Whisper

Whisper is a general-purpose speech recognition model. It is trained on a large dataset of diverse audio and is also a multitasking model that can perform multilingual speech recognition, speech translation, and language identification.

Whisper home page

Whisper can be installed to a SD Desktop virtual machine with SD Software installer.

The version provided for SD Desktop is based on Faster-Whisper-XXL.

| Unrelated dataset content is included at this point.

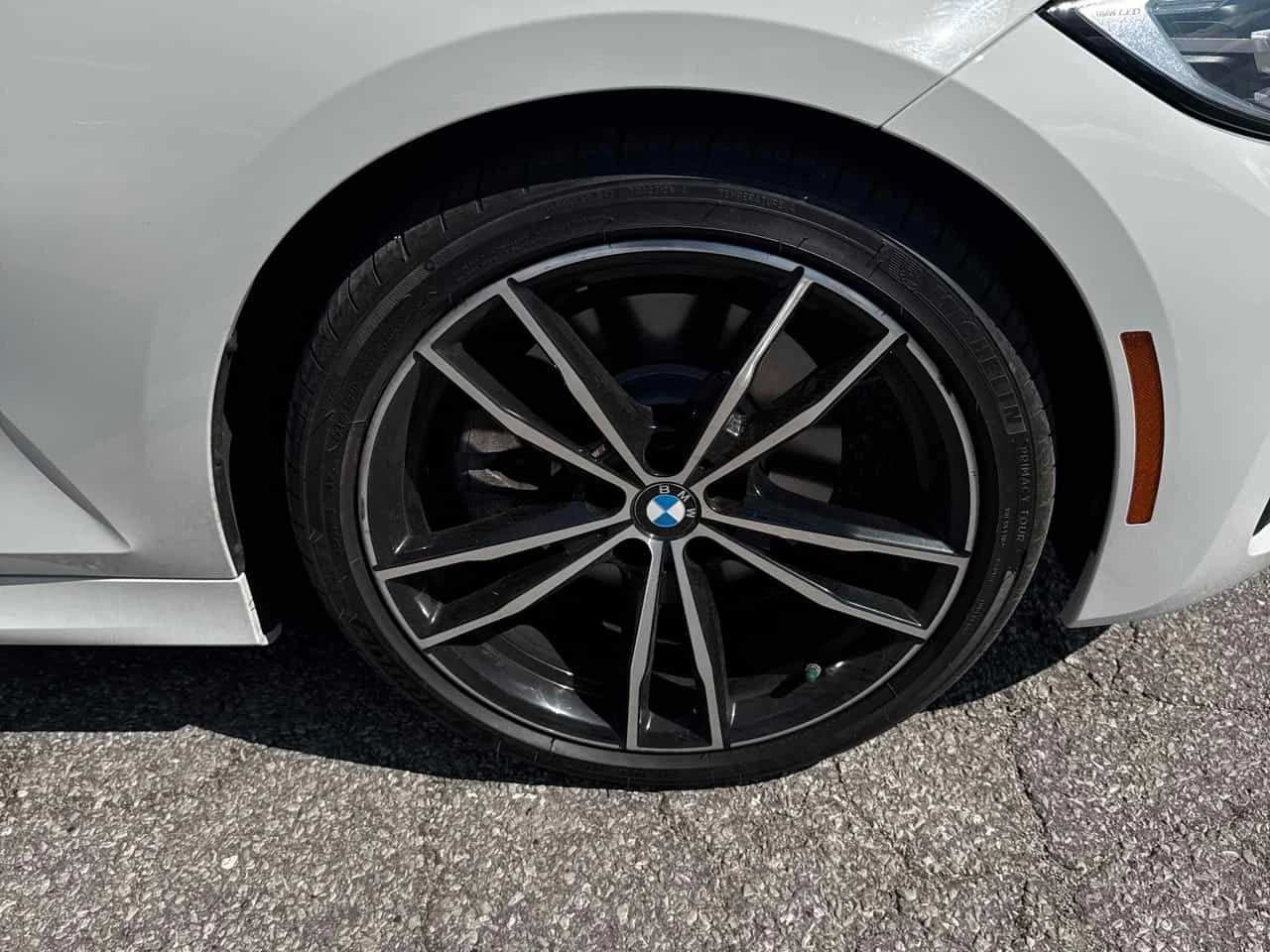 BMW 330 M-Pack xDrive  CARFAX, снимка 7 - Автомобили и джипове - 54865928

After installation, Whisper is available as a command-line tool in SD Desktop.

Sample commands:

whisper audio.mp3 --model medium --threads 4

Sample command with diarization enabled:

whisper interview.mp4 --model large --language French --threads 4 --diarize pyannote_v3.0 --diarize_threads 4 --num_speakers 2 -o interview_results

Update on 5.5.2025

Before the latest update, the SD tool installer provided WhisperDO-based Whisper installation. Faster-Whisper-XXL provides now new features, like diarization, and better performance compared to the old WhisperDO.

If you want to upgrade your old WhisperDO installation to the new Faster-Whisper-XXL, you need to first remove the old version with commands:

rm /shared-directory/sd-tools/apptainer/whisper.sif
rm /shared-directory/sd-tools/bin/whisper

After that you can use the SD tool installer to install the new version of Whisper.